ADR-0656: External-bench wrappers emit registry competitor keys

  • Status: Accepted
  • Date: 2026-05-20
  • Deciders: Lusoris, Codex
  • Tags: ai, testing, tooling, fork-local

Context

tools/external-bench/compare.py validates each wrapper payload before aggregation. The validator requires summary.competitor to equal the wrapper registry key from WRAPPERS, because that key is what the CLI accepts through --competitors and what the report table groups by.

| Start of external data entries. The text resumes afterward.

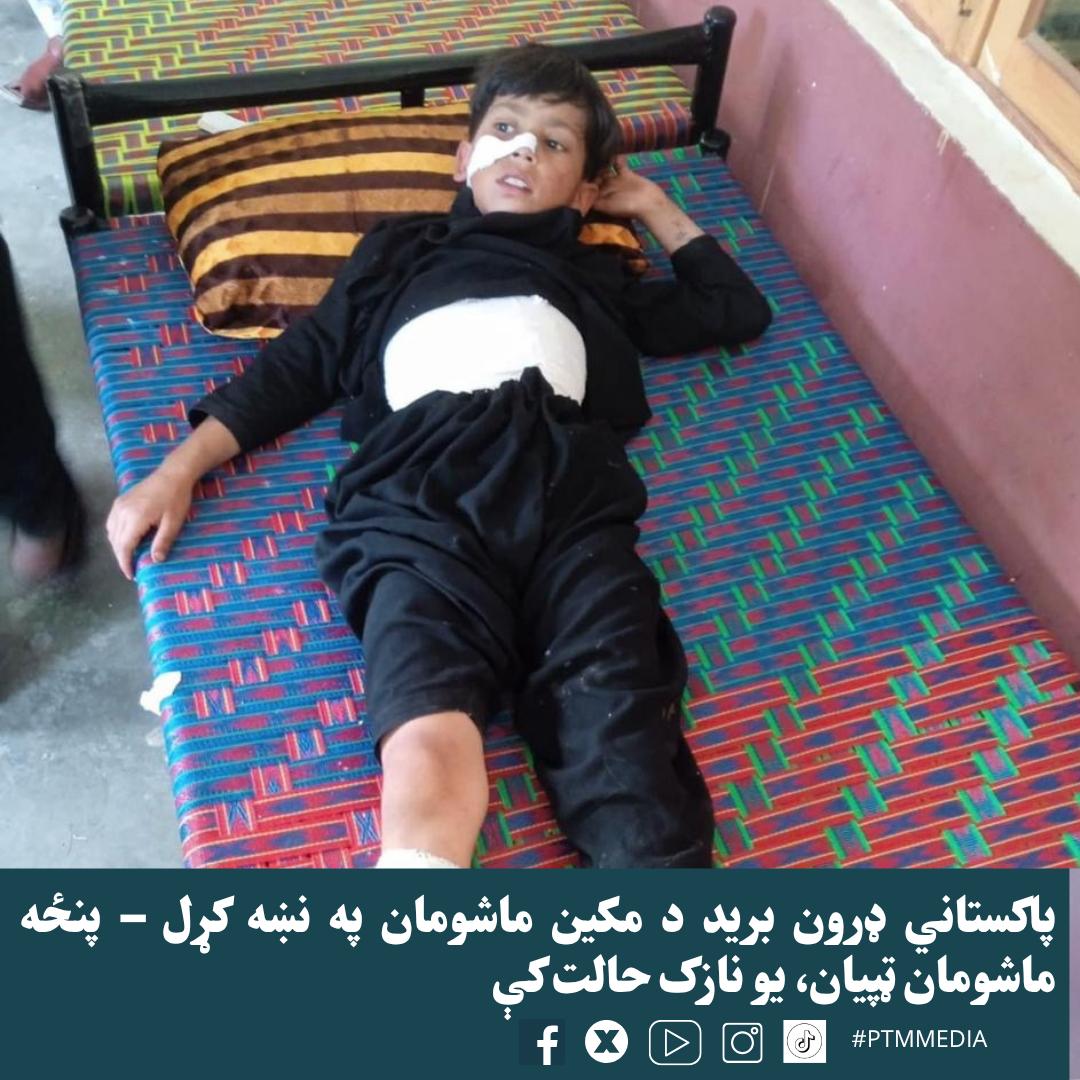 #PashtunRejectMilitarization
د پښتنو ماشومانو حال؛

 #PashtunsRejectDroneTerror
#PashtunRejectMilitarization
#PashtunRejectISPRDisinformation
#ISPRDisinformationExposed
#StopDeprivingPashtun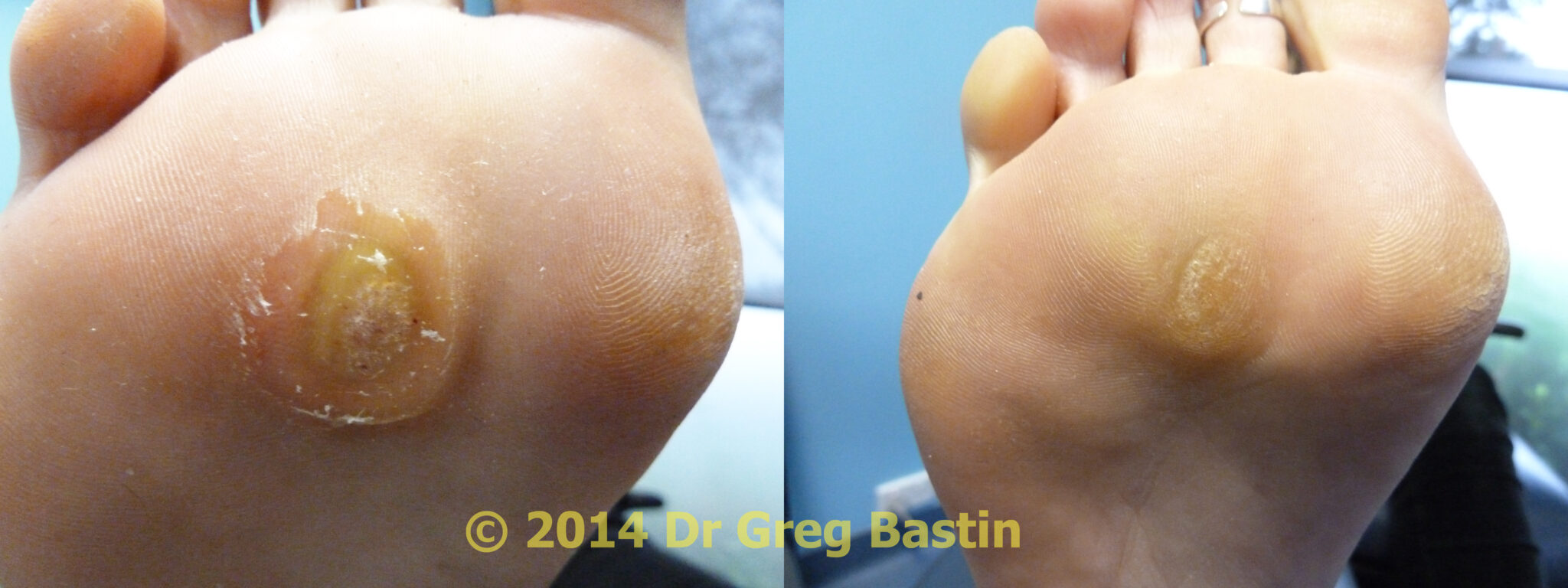 How to Remove Plantar Warts on Your Feet Laser Wart Treatment Wart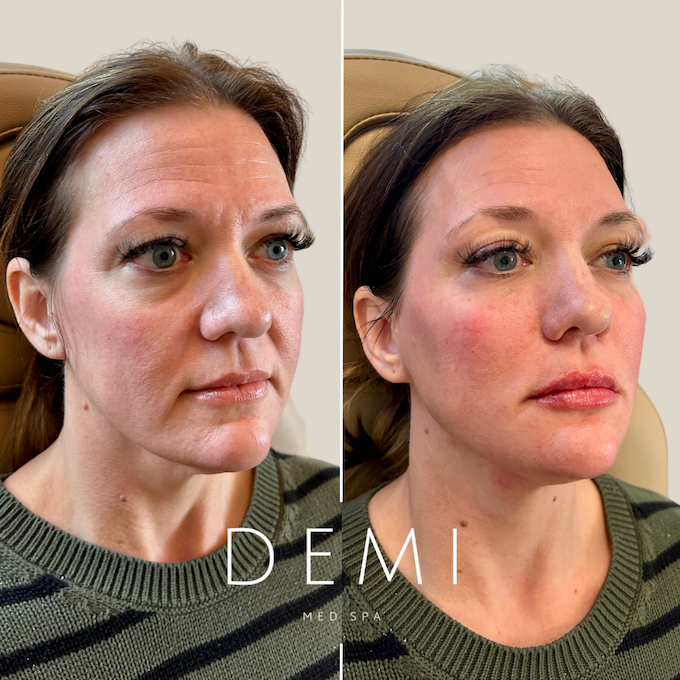 FACE FILLERS BA - Feed - 1.PNG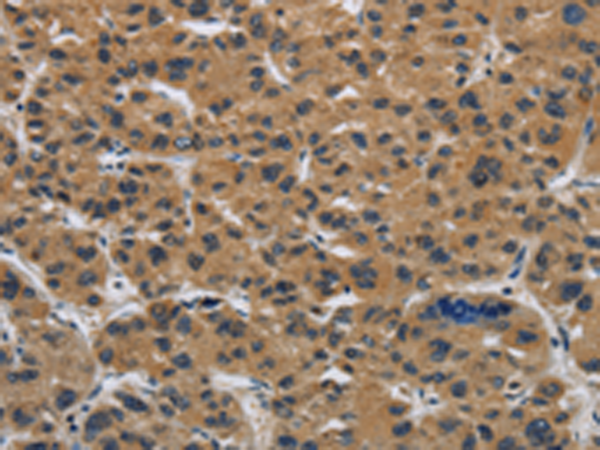 Rabbit Polyclonal Antibody to CLDN2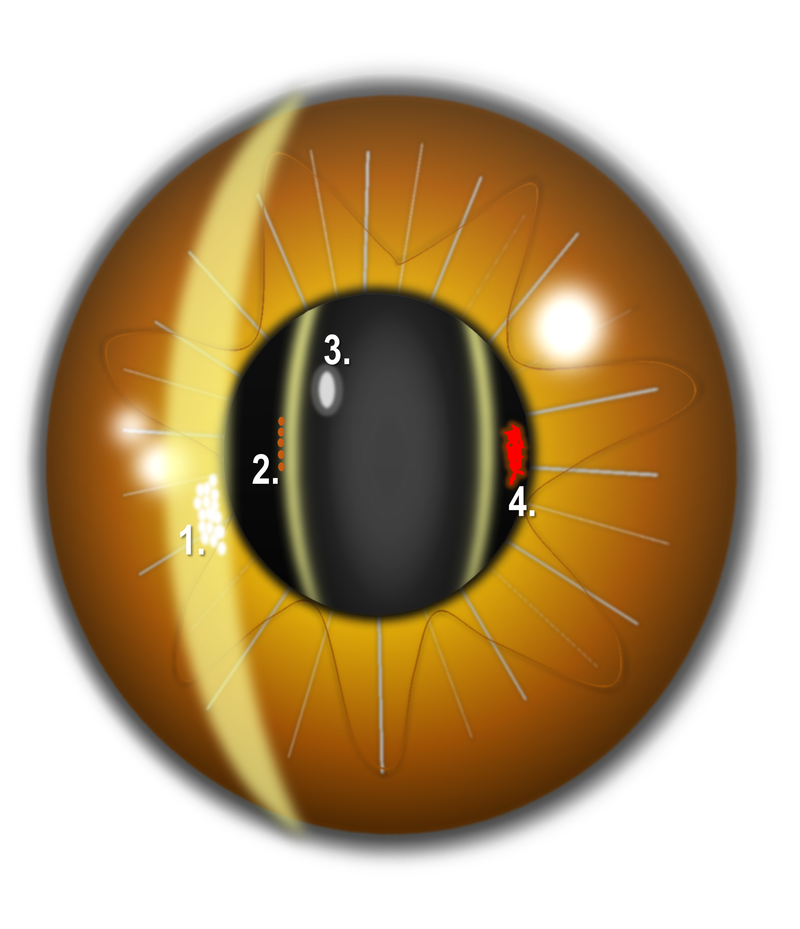 Ein Grafik eines Auges stellt Trübungen im Spaltlicht an den einzelnen Strukturen dar.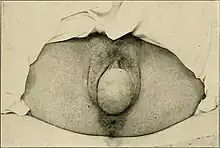 Large rectocele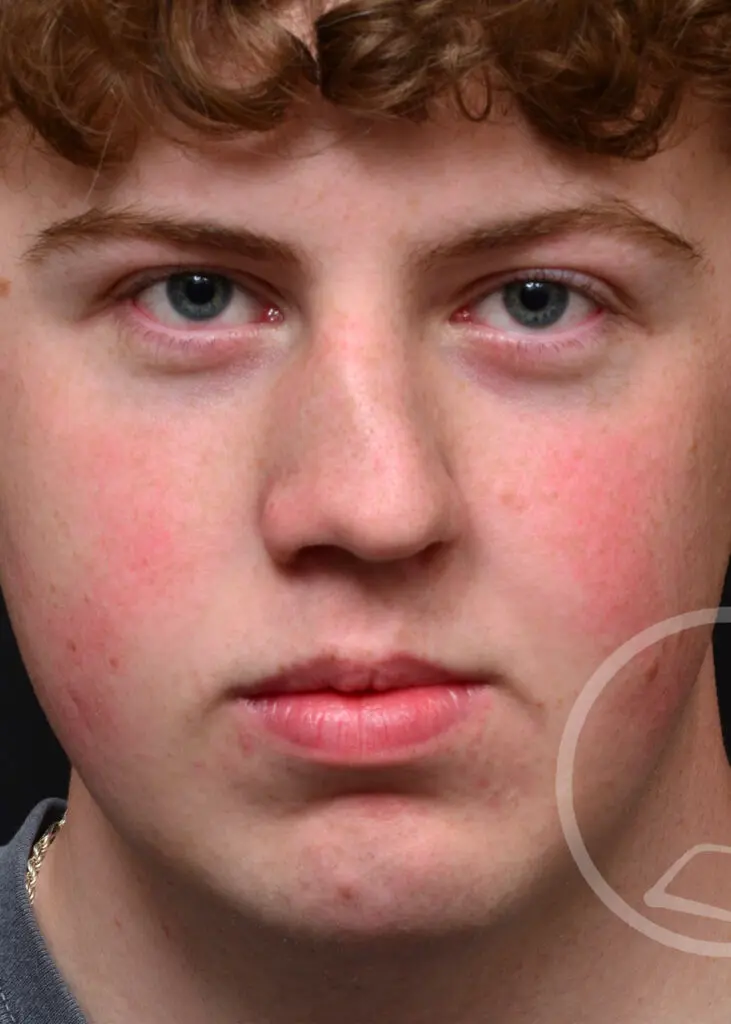 Plastic Surgery Before and After Pictures in Jacksonville, FL - Garcia Facial Plastic Surgery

The two fork-side shell wrappers emitted descriptive labels instead: fork-fr-regressor-v2-ensemble and fork-nr-metric-v1. Those labels are useful as display prose, but they violate the schema introduced by Research-0118 and cause the fork's own competitors to be skipped before aggregation. This weakens the external-bench path exactly where the signal-mix audit needs NR/MOS second-opinion comparisons.

Decision

The fork-side wrappers will emit the exact registry keys fork-fr-regressor and fork-nr-metric in summary.competitor. Model and version detail stays out of that identity field and belongs in optional metadata, wrapper logs, or future report columns. Shell-wrapper smoke tests will exercise the two fork wrappers with a fake vmaf-tune binary so this contract is pinned without installing external competitors.

Alternatives considered

Option Pros Cons Why not chosen
Fix wrapper output to registry keys Keeps the documented schema strict; makes table grouping deterministic; minimal user-visible change Descriptive version labels are no longer shown in the identity column Chosen. The identity field is a machine contract, not a display label.
Relax validate_wrapper_output() to accept aliases Preserves the current descriptive labels Reopens schema ambiguity and needs alias tables everywhere aggregation compares keys Rejected. It makes the validator weaker immediately after adding it.
Change WRAPPERS keys to the descriptive labels Keeps wrapper output unchanged Breaks existing --competitors fork-fr-regressor fork-nr-metric usage and docs Rejected. The public CLI keys are already documented.

Consequences

  • Positive: compare.py can aggregate the fork-side FR and NR wrappers instead of skipping them as invalid schema.
  • Positive: the tests now exercise the real shell wrappers at the schema boundary while still stubbing vmaf-tune and external binaries.
  • Negative: operators who read only the summary.competitor field get the stable key rather than the exact model version; future metadata can carry model IDs explicitly if needed.
  • Neutral / follow-ups: NR/MOS second-opinion feature materialisation should consume the same registry keys when it reuses external-bench wrapper output.

References

  • req: "well go on i guess we have enough backlog..."
  • ADR-0368 — wrapper-only external benchmark harness.
  • Research-0118 — schema validation at the wrapper boundary.
  • ADR-0650 — signal-mix audit identifies NR/MOS second opinions as a missing signal family.